When considering John McCain’s history of unethical behavior, the list usually starts (and ends) with the Keating Five scandal in the 1980s, for whi
April 22, 2008

When considering John McCain’s history of unethical behavior, the list usually starts (and ends) with the Keating Five scandal in the 1980s, for which McCain was rebuked by the Senate Ethics Committee for having shown, at a minimum, poor judgment. In the aftermath, McCain helped improve his public image, and bury the scandal, by becoming an advocate of campaign-finance reform.

But the notion that McCain cleaned up his act may not be entirely true. Take, for example, Donald Diamond, a wealthy Arizona real estate developer and generous McCain contributor, who wanted some coastal land in California freed up by an Army base closing.

When Mr. Diamond wanted to buy land at the base, Fort Ord, Mr. McCain assigned an aide who set up a meeting at the Pentagon and later stepped in again to help speed up the sale, according to people involved and a deposition Mr. Diamond gave for a related lawsuit. When he appealed to a nearby city for the right to develop other property at the former base, Mr. Diamond submitted Mr. McCain’s endorsement as “a close personal friend.”

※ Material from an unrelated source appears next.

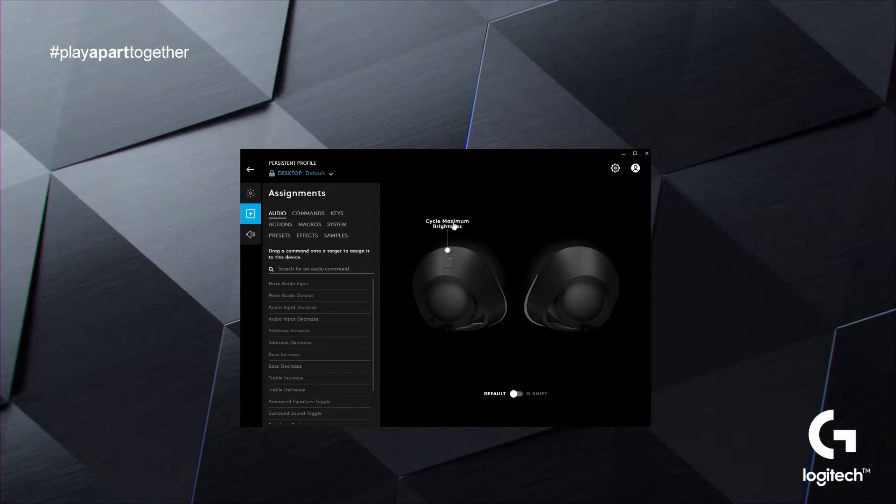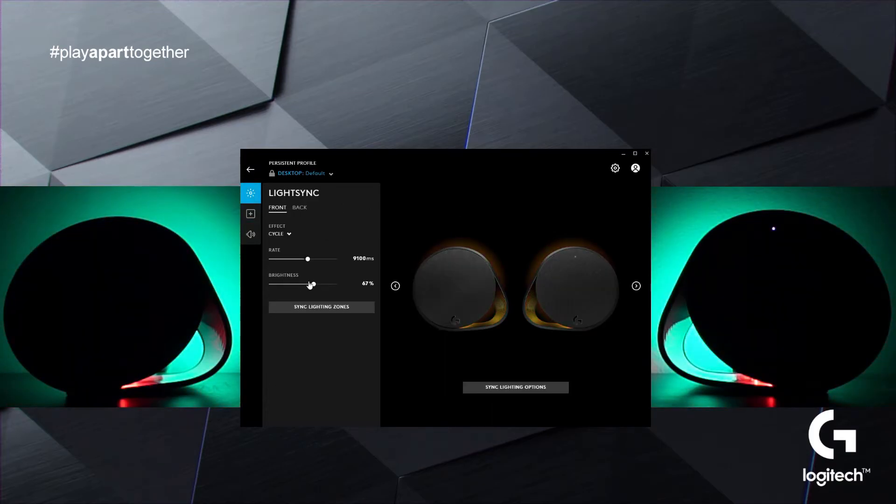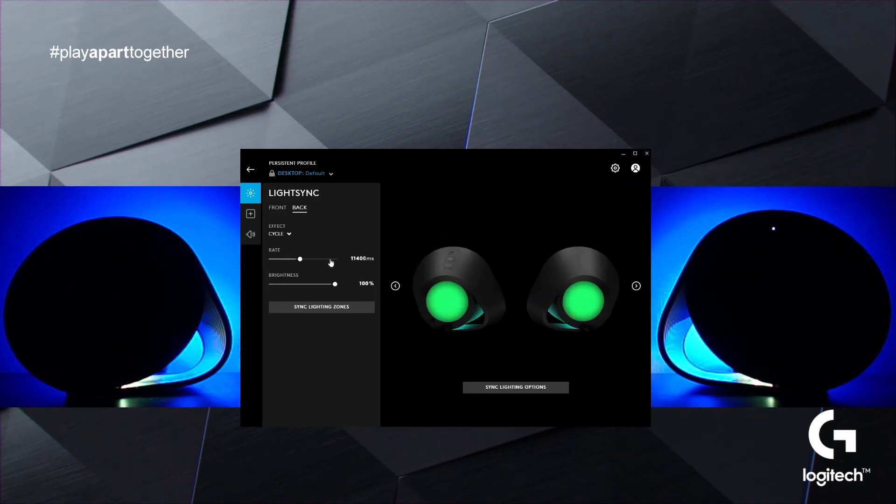To customize all the other elements of the RGB lighting on the G560 LightSync speaker system, including brightness, navigate to the LightSync tab where you can change the brightness for both the front and the back LEDs.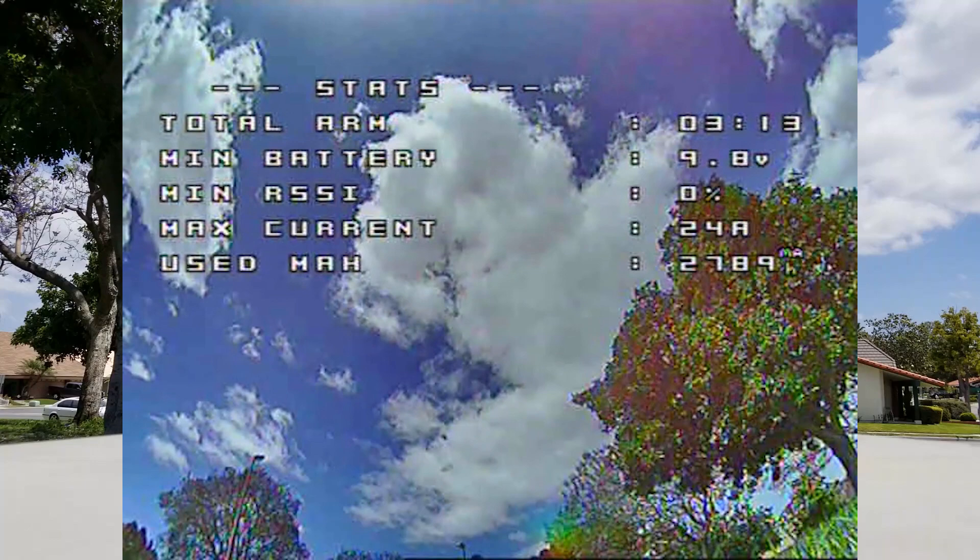It flies pretty good — good enough for me. You may disagree, but to me it felt good, and that's really all that matters — how it feels to you and whether you feel you can fly it. If it's predictable to you, then that's a good tune for you. It doesn't have to be a good tune for everybody, it just has to be a good tune for you. And that's how I tune my quads.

Writing to officials in the city, Seaside, Calif., the senator said, “You will find him as honorable and committed as I have.”

Courting local officials and potential partners, Mr. Diamond’s team promised that he could “help get through some of the red tape in dealing with the Department of the Army” because Mr. Diamond “has been very active with Senator McCain,” a partner said in a deposition.

For Mr. McCain, the Arizona Republican who has staked two presidential campaigns on pledges to avoid even the appearance of dispensing an official favor for a donor, Mr. Diamond is the kind of friend who can pose a test.

Ya think? The closer one looks at this, the worse it appears.

In California, the McCain aide’s assistance with the Army helped Mr. Diamond complete a purchase in 1999 that he soon turned over for a $20 million profit. And Mr. McCain’s letter of recommendation reinforced Mr. Diamond’s selling point about his McCain connections as he pursued — and won in 2005 — a potentially much more lucrative deal to develop a resort hotel and luxury housing.

In Arizona, Mr. McCain has helped Mr. Diamond with matters as small as forwarding a complaint in a regulatory skirmish over the endangered pygmy owl, and as large as introducing legislation remapping public lands. In 1991 and 1994, Mr. McCain sponsored two laws sought by Mr. Diamond that resulted in providing him millions of dollars and thousands of acres in exchange for adding some of his properties to national parks. The Arizona senator co-sponsored a third similar bill now before the Senate. […]

For the California projects, the campaign said the McCain aide arranged the introduction to an Army official for Mr. Diamond’s team as “a constituent matter.”

Oh, is that what the kids are calling it these days?

McCain helped a wealthy and generous donor buy land from the Army — complete with special water rights — for a quarter of a million dollars, which McCain’s buddy then sold two years later for $20 million. There’s a term for this — it’s called “influence peddling,” and it’s exactly the kind of thing McCain swears he never gets involved with.

If the Rezko story was considered a big deal by campaign reporters, the Donald Diamond issue should be huge. Why the New York Times ran this the day of the Pennsylvania primary, when it’s likely to get lost in the shuffle, is a mystery to me. If this same story ran on Thursday morning, it would have become the talk of the political world in a hurry.